Strain Measurement Of Thin Natural Fibers Using Laser Speckles

Ricardo Gridling

Ricardo Gridling

Thin natural fibres are very versatile components with outstanding mechanical properties. Therefore, it is of great interest to obtain their mechanical characteristics. This thesis proposes a simple and cost-efficient method for single fibre tensile testing. Due to the small cross section of natural fibres, only contactless strain measurements are possible.

The tensile testing device based on the Lorentz force principle is realized with a brushless DC motor drive. This enables a high dynamic range with superior accuracy. For the necessary calibration in the millinewton range, a method based on a precision balance is shown. Experiments confirm that this working principle is very promising, although special equipment is needed for high accuracy measurements.

 

Fig. 1: Measurement setup for the calibration of the force actuator using a precision balance. Fig. 1: Measurement setup for the calibration of the force actuator using a precision balance.

This work uses laser speckles for contactless strain evaluation.

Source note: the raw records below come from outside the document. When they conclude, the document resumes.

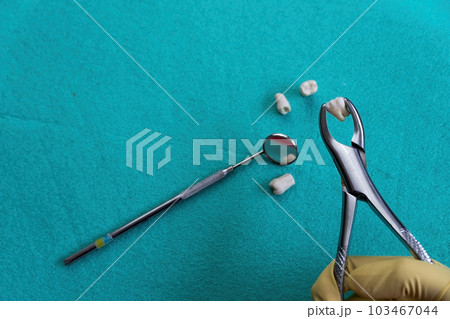 dental instruments ready for use in the dental office dental instruments ready for use in the dental office 103467044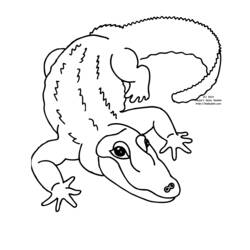 Coloring page: Zoo (Animals) #12735 - Printable coloring pages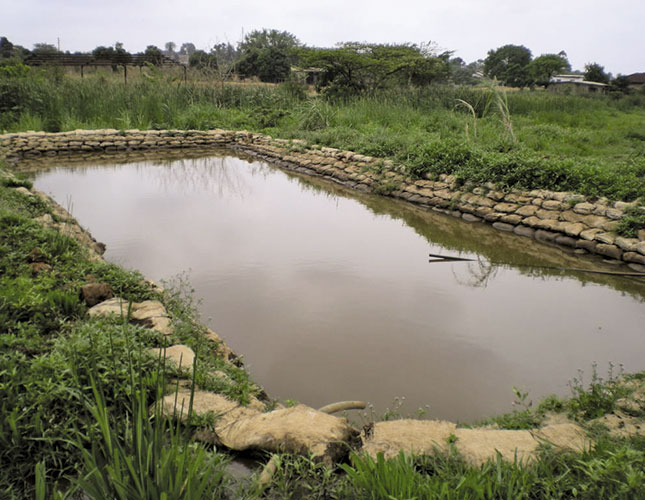 Fish farming has turned
out to be a fast growing
business in most parts of
#Zimbabwe witnessed by
a number of small scale
farmers who have ventured
into the trade, which is now
yielding positive financial
returns. <a href="/agribusiness110/">agribusiness1.</a> <a href="/basera_john/">John Basera</a> <a href="/MoLAFWRD_Zim/">MinofLands,Agric,Fisheries,Water&Rural Development</a> <a href="/farm_value/">Green Value farm</a>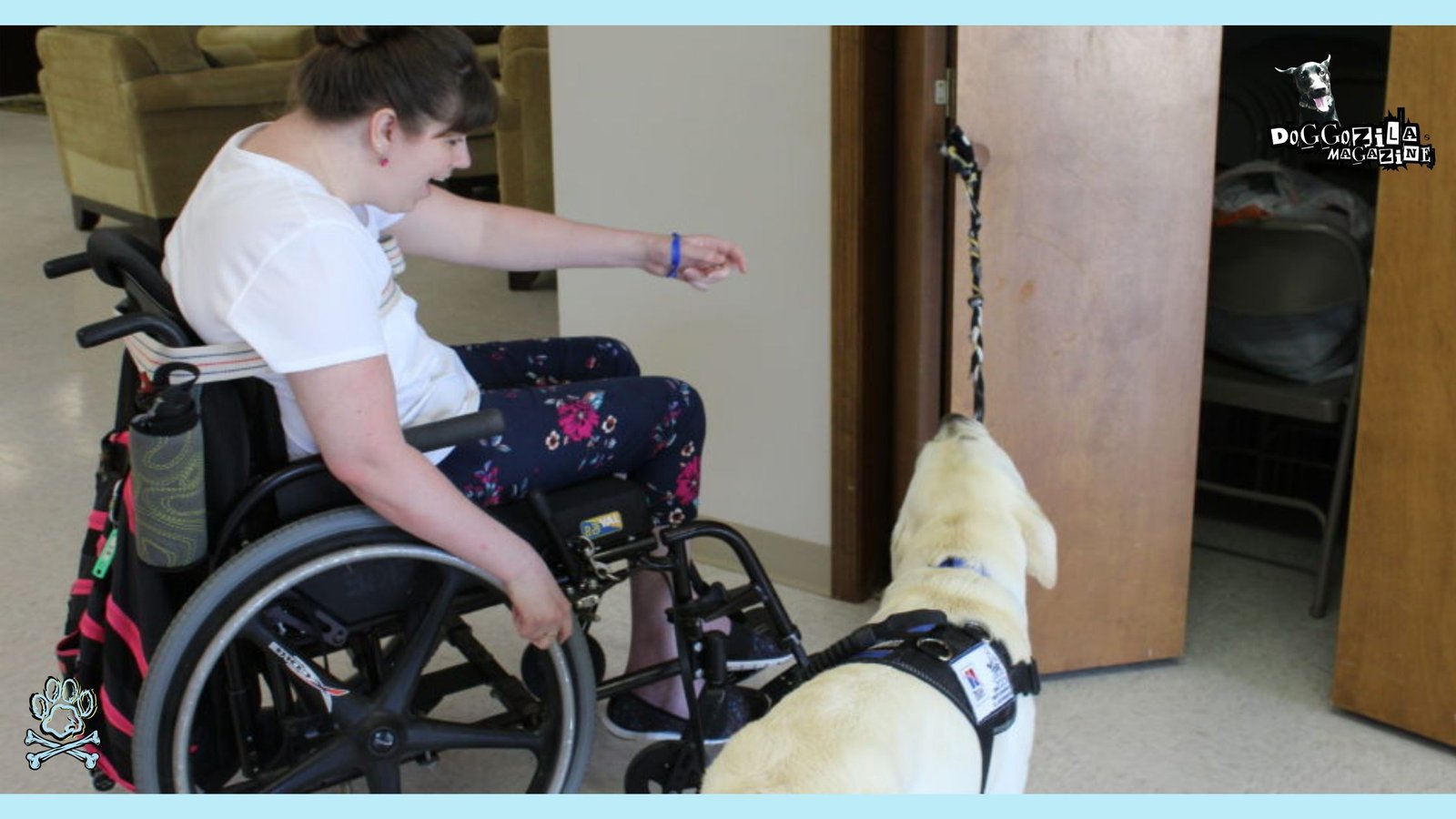 labrador helping his owner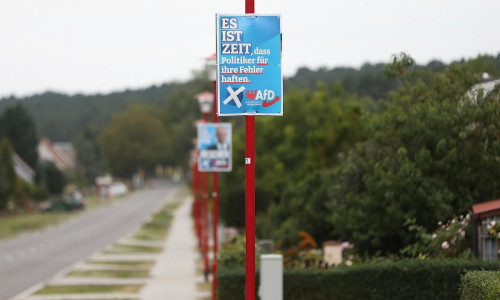 AfD-Wahlplakate zur Landtagswahl in Brandenburg (Archiv)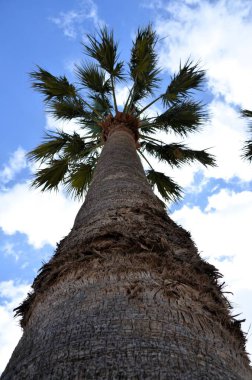 Sarı kumlu, şemsiyeli, uzun ve palmiye ağaçlı muhteşem sahil manzarası.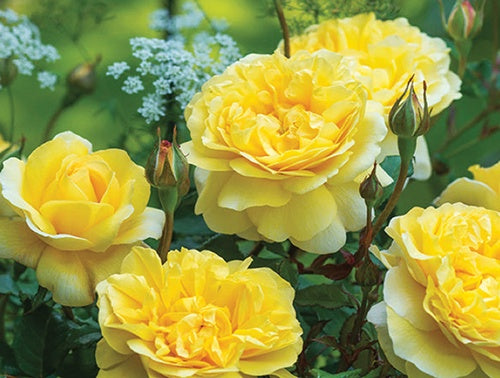 Rose The Poet's Wife - 8572A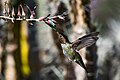 Colibrís alimentándose dunha flor no Xardín botánico da Universidade de California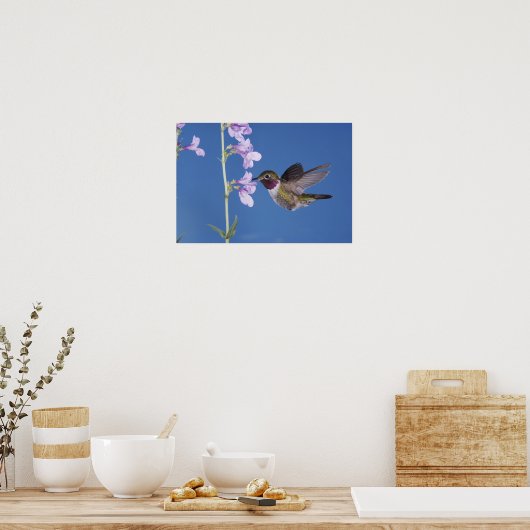 Grasschwanz Hummingbird, Selasphorus Poster (Küche)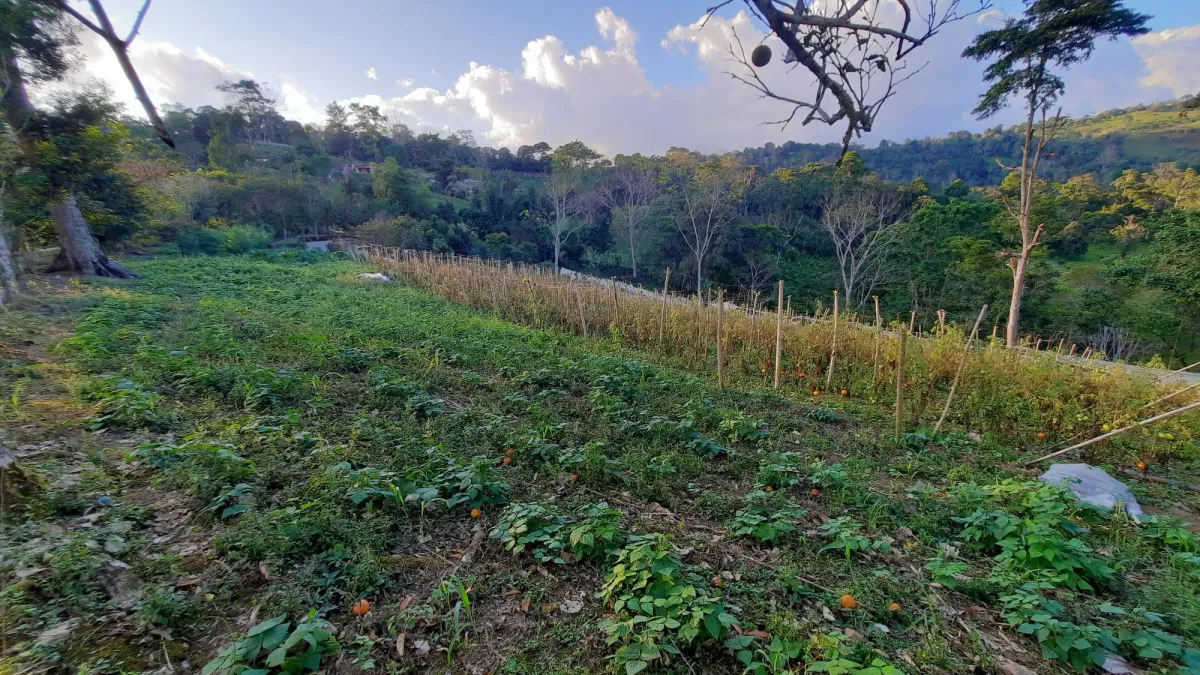 Finca Productiva de 20.55 Hectáreas con Agua Viva y Excelente Ubicación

Speckles are random interference patterns that occur on rough surfaces when illuminated by sufficiently coherent light. Surface movement or deformation leads to changes in the speckle pattern. By tracking these changes, the movement or deformation can be estimated quantitatively. Application of a cross spectral density estimator allows the estimation of strain based on subpixel displacements of the speckle signal captured by the camera used. It is shown that this application is also in need for special equipment and in-depth consideration of wave-optics and signal theory are indispensable for high precision measurements.

 

Fig. 2: Result of the actuator calibration. Family of caracteristics of the force actuator over motor angle. Fig. 2: Result of the actuator calibration. Family of caracteristics of the force actuator over motor angle.

Keywords: laser speckles, lorentz force actuator, tensile testing, strain measurement, calibration, cross power spectral density estimator

 

March 25, 2022